:: Task input ::
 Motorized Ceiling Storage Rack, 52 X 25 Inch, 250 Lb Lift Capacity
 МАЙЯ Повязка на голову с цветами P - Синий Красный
:::
:: Task input ::
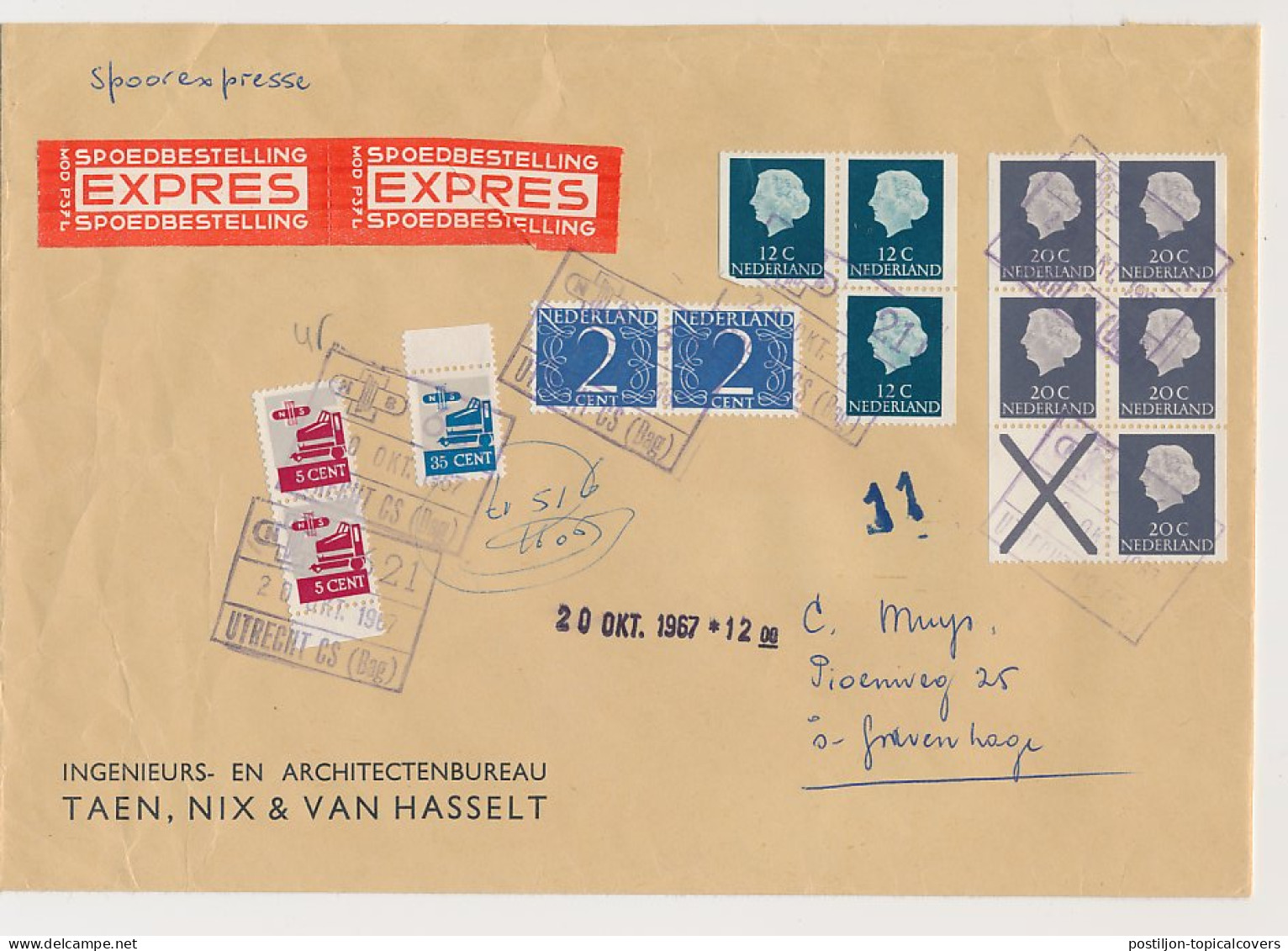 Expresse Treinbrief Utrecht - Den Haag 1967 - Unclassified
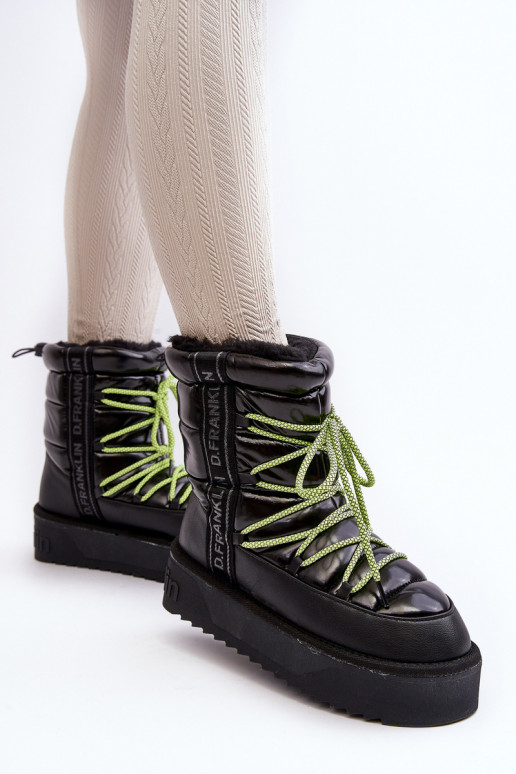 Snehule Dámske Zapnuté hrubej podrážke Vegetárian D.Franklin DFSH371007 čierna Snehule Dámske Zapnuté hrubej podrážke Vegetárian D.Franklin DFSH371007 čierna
:::
**Prompt:**
From the records above, print exactly the lines that run from the line with "Motorized Ceiling Storage" to the line with "МАЙЯ Повязка на", inclusive.

**Completed exercise:**
 Motorized Ceiling Storage Rack, 52 X 25 Inch, 250 Lb Lift Capacity
 МАЙЯ Повязка на голову с цветами P - Синий Красный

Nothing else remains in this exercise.